_Given data_
+===+

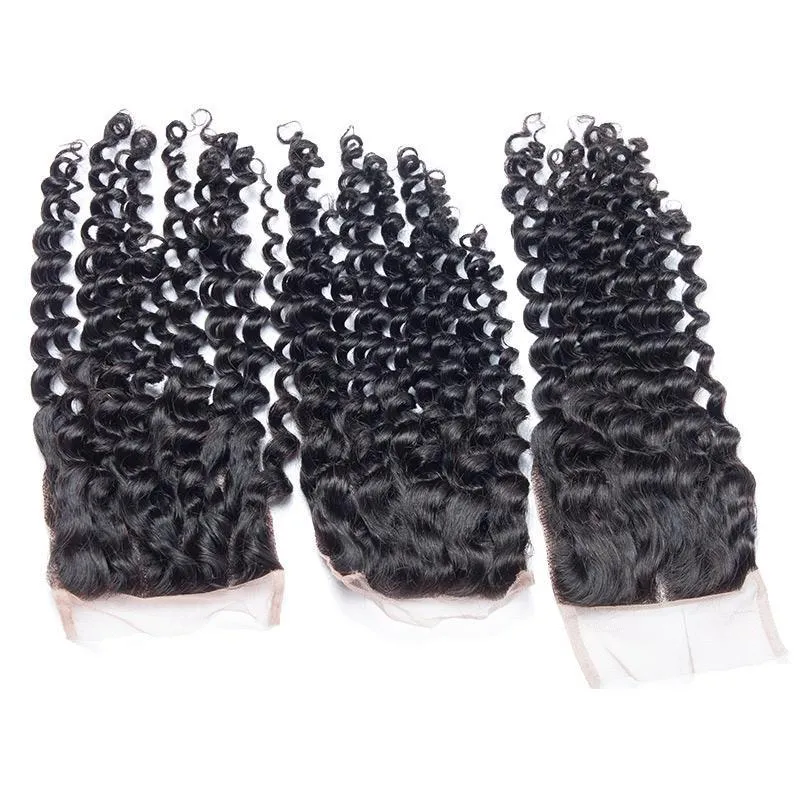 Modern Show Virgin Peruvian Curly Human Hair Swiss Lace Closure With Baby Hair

+===+

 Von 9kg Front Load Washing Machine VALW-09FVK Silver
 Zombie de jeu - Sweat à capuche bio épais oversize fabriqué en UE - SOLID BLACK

+===+

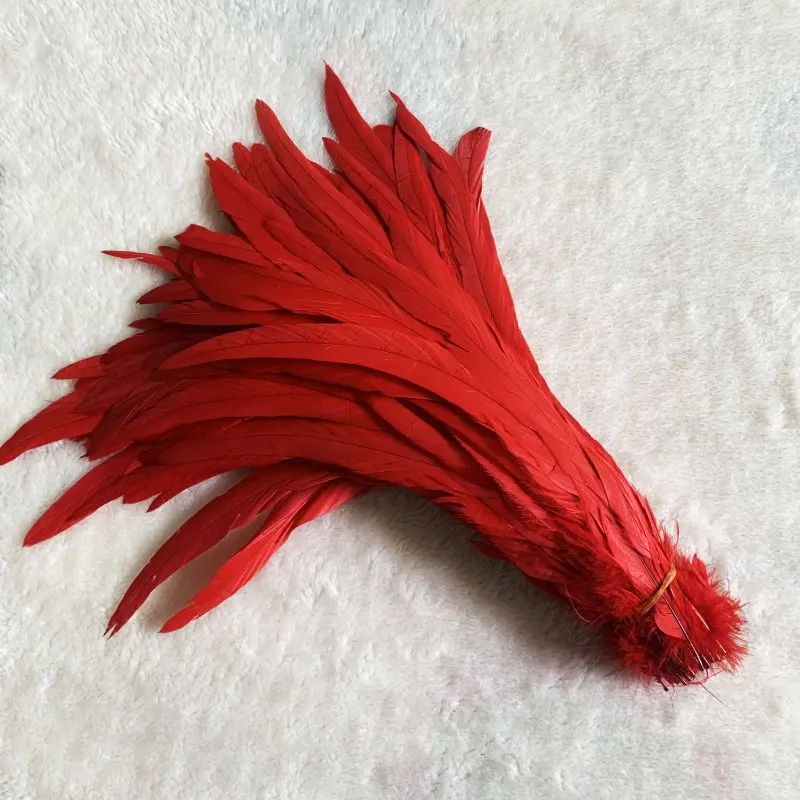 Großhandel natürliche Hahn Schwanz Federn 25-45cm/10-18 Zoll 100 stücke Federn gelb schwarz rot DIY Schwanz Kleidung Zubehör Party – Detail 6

+===+

_To do_
Please transcribe only the lines in the records above running from the line that has "Von 9kg Front" through the line that has "Zombie de jeu", both included, exactly as they appear.

_Answer to the exercise_
 Von 9kg Front Load Washing Machine VALW-09FVK Silver
 Zombie de jeu - Sweat à capuche bio épais oversize fabriqué en UE - SOLID BLACK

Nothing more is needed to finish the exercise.